Short web captions:
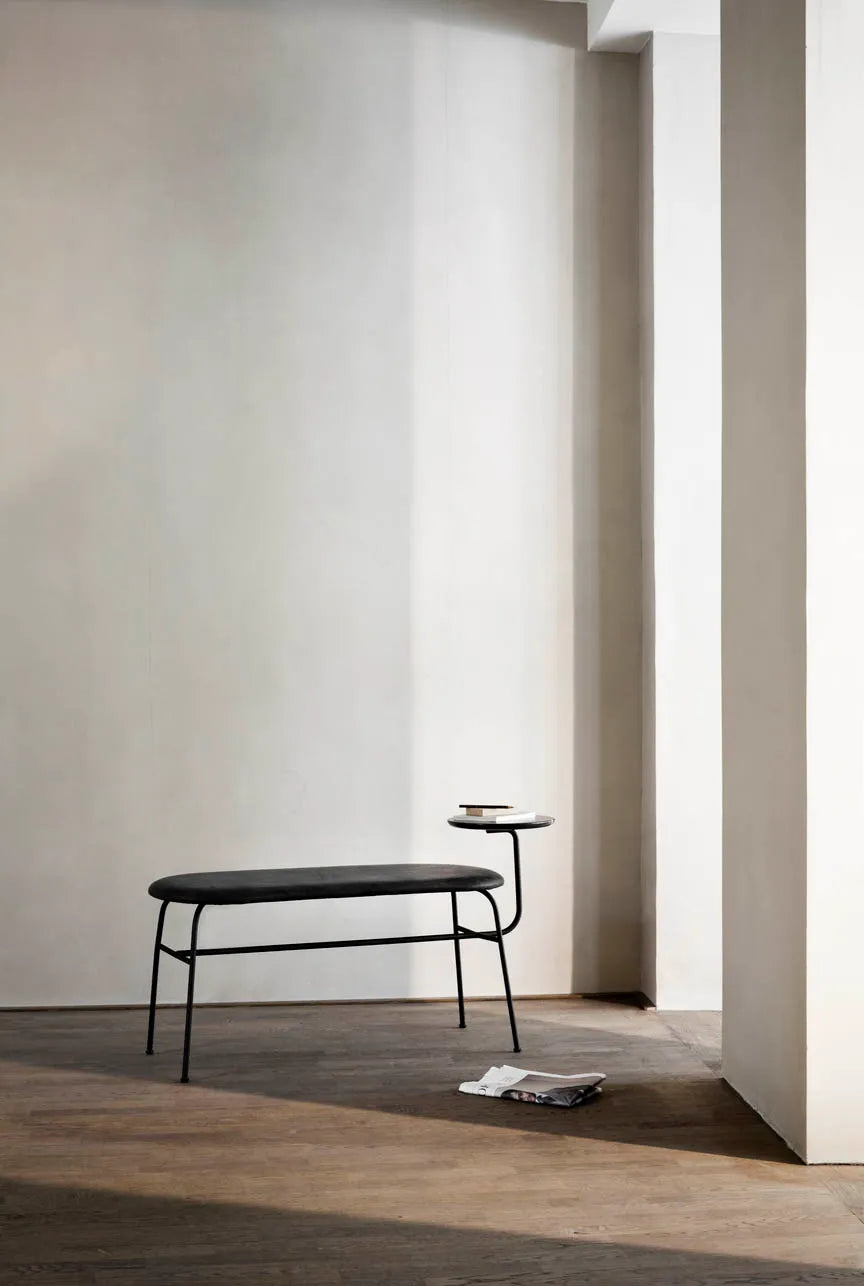 Afteroom Bænk fra Audo Copenhagen - 5 - Jacobsen Plus
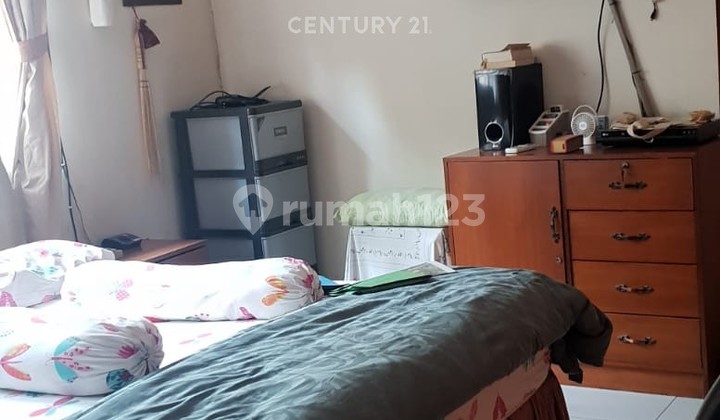 Dijual Rumah dan Kos Bebas Banjir di Jatipadang Pasar Minggu 2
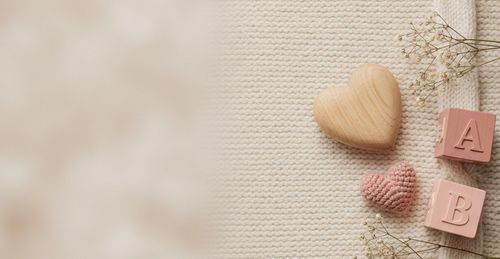 Baby Names That Mean Love: Beloved, Dear, Heart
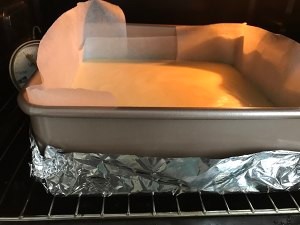 怎么做古早蛋糕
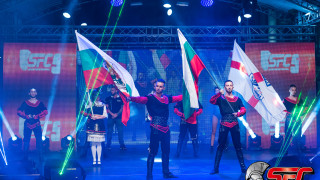 Дългоочакваното събитие в ММА средите у нас Spartacus Fighting Championship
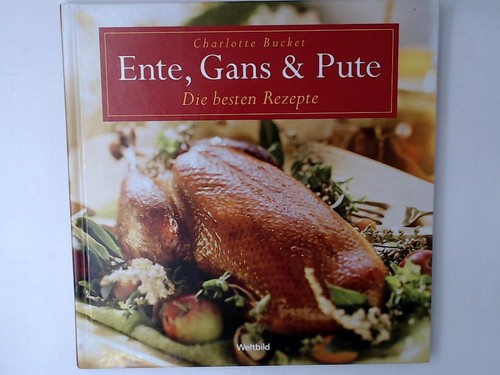Ente gans pute - ente,, :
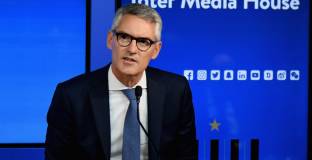 Антонело: Интер трябва да се концентрира върху целите си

* _Task description_: The line containing "Dijual Rumah dan" and every line after it, through the end of the data, are to be output exactly. Omit the pictures.

* _Result of the exercise_:
 Dijual Rumah dan Kos Bebas Banjir di Jatipadang Pasar Minggu 2
 Baby Names That Mean Love: Beloved, Dear, Heart
 怎么做古早蛋糕
 Дългоочакваното събитие в ММА средите у нас Spartacus Fighting Championship
Ente gans pute - ente,, :
 Антонело: Интер трябва да се концентрира върху целите си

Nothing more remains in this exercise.